RPA Customer Segmentation Project Question

Hi,
In the comment section of the project there is a challenge to find users birthday when they sign up.

https://www.codecademy.com/paths/analyze-data-with-sql/tracks/analyze-data-sql-query-data/modules/analyze-data-sql-practice-queries/projects/user-segmentation-prj

My first thought was to subtract sign up date and their birthday. However, this is incorrect for some of the days.
The first person was born on 1982-04-17 and created their account on 2017-01-26, making him 34. However, the subtraction makes him 35. How else can I query this taking into account that the column data type is text.

SELECT birthday,created_at,(created_at-birthday)
AS Age FROM users;
1 Like

Kudos on noticing the difference between the way ages are returned with the simple query and the way human age is actually used. There’s a bit of discussion here with some potentially useful info- Adding An Age Column with Values Based on Birthdays in Another Column

You’ll have to check the docs for the full details but I believe CAST(expression AS INT) truncates towards zero. Unfortunately I don’t think using the - operator would allow you to make use of this. You’ll likely need to make use of one of the datetime functions strftime, julianday or similar to perform the calculation and then you can truncate the result.

2 Likes

Thank you responding. I don’t see how I could use strftime, but using julianday did in fact work.
Upon subtracting created_at and birthday as juliandays, we’re left with the age as number of days. When we divide it by 365 we receive a decimal. However, the number is accurate. From there I casted it as an INT to floor the value.
Thank you for the help!
My final query looked like this in case people come across this post in the future.

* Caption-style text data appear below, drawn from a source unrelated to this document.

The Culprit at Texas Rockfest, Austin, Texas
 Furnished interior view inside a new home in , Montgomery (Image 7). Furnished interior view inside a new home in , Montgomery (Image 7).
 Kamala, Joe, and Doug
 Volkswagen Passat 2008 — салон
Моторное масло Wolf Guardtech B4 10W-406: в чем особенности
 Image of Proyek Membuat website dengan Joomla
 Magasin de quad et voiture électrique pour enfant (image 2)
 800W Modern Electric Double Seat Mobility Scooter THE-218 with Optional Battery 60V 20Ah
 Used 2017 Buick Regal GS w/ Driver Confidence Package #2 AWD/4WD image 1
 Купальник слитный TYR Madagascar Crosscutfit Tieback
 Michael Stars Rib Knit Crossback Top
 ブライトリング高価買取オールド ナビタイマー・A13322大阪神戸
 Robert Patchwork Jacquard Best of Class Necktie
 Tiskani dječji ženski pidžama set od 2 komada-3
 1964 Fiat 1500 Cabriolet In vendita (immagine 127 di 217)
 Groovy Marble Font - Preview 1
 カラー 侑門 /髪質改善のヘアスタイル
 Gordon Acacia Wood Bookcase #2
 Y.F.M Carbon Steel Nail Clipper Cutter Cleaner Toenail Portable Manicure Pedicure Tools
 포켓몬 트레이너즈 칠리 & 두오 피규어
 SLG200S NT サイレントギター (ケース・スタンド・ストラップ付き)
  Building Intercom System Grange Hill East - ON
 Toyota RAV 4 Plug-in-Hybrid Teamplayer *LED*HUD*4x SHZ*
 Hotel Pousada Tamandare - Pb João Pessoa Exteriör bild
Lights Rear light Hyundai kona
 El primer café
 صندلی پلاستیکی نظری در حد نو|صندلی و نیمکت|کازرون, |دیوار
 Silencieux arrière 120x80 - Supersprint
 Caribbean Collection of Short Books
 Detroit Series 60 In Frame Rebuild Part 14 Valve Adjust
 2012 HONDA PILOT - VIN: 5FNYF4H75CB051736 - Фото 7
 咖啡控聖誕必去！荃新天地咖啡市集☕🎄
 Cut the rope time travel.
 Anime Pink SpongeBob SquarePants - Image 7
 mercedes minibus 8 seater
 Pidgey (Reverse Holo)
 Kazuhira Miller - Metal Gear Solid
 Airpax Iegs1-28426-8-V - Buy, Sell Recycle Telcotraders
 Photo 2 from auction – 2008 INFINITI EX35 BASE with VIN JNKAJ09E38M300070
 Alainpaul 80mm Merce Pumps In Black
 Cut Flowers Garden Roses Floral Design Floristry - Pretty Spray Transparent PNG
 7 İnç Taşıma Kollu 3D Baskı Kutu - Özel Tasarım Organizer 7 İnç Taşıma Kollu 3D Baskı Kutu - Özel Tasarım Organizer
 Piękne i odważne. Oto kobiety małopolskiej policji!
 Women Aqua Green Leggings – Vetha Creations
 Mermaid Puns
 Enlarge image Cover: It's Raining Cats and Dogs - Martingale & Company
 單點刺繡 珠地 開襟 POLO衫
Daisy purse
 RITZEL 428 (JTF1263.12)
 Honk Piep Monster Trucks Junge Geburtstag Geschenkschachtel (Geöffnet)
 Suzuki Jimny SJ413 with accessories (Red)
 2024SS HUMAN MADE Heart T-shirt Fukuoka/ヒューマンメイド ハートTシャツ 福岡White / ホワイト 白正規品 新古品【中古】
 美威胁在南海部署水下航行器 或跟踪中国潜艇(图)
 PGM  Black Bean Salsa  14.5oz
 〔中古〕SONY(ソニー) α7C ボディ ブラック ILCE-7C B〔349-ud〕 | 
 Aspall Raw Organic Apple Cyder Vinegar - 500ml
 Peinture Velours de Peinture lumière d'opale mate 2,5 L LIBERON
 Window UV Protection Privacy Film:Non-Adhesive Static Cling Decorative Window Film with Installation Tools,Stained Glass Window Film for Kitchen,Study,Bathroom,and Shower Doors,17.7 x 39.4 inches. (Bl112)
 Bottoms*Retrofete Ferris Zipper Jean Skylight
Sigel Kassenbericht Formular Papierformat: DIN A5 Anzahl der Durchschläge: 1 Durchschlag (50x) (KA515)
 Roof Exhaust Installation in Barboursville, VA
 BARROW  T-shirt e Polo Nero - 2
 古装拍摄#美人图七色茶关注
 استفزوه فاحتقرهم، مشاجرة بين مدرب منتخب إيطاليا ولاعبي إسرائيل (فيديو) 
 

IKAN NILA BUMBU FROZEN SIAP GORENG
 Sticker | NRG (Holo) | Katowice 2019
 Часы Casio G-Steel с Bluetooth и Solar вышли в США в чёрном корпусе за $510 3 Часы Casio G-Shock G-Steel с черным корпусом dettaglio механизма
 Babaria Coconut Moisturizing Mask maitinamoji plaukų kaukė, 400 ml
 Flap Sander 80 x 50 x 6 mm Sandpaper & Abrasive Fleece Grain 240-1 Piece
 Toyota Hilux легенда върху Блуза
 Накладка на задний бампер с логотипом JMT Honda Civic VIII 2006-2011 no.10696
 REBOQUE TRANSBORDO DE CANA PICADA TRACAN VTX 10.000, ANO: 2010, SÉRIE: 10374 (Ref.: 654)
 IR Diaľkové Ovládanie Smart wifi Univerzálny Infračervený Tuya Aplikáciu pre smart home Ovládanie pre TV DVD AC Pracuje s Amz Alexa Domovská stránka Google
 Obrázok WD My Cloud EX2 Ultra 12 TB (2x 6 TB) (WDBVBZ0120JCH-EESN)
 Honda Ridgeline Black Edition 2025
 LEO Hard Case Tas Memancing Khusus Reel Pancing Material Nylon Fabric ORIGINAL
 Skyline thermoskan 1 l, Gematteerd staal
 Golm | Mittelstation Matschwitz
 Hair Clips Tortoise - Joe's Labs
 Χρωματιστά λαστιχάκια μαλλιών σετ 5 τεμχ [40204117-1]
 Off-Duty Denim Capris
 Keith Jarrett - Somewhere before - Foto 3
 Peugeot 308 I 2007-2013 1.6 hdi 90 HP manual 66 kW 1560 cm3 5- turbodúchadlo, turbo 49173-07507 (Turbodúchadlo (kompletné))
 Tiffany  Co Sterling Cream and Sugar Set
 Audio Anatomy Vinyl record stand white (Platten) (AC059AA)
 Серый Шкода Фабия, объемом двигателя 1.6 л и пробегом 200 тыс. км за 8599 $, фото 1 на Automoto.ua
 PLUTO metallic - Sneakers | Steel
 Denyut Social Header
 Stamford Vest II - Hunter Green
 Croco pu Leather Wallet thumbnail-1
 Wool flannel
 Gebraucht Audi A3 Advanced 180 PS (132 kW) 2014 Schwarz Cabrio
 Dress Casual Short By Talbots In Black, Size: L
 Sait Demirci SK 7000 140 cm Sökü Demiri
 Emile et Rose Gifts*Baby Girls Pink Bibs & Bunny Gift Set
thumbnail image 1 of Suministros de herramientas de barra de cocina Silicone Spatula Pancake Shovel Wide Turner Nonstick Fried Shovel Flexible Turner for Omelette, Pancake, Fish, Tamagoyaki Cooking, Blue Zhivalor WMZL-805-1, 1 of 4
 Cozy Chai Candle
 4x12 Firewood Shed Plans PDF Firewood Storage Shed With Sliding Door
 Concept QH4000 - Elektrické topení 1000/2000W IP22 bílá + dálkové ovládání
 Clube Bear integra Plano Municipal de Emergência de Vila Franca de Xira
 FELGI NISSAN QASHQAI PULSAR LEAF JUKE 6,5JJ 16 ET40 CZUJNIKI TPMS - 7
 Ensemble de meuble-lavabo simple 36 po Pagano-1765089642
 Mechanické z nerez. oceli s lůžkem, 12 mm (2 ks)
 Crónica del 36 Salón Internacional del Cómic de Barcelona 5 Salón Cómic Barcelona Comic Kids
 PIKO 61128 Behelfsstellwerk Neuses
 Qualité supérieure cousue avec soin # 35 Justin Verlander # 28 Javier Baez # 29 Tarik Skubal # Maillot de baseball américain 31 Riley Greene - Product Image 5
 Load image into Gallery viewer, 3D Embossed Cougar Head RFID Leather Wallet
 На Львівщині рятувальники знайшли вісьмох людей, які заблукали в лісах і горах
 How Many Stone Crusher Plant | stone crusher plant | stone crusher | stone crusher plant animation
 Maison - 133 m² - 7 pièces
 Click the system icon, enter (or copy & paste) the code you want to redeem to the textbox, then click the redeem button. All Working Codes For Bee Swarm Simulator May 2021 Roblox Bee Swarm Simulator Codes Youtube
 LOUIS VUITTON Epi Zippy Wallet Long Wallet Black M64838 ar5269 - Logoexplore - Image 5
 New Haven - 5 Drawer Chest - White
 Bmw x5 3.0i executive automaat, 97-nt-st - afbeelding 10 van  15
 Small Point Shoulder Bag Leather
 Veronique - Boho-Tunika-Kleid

SELECT birthday,created_at,CAST((julianday(created_at) -julianday(birthday)) / 365 as int) AS age FROM users;
1 Like

I think it’s much the same, something like strftime('%s', created_at) would work but instead of 365 you’d need to consider the number of seconds in a year or strftime('%Y.%m%d', created_at) would probably work (a very odd way to do it) but I think it’d be valid without an additional division though both still rely on the CAST to floor it.

The only one I wonder about is that situation would be the effect of leap years and that’s more because I’m curious and I’ve never tried it before.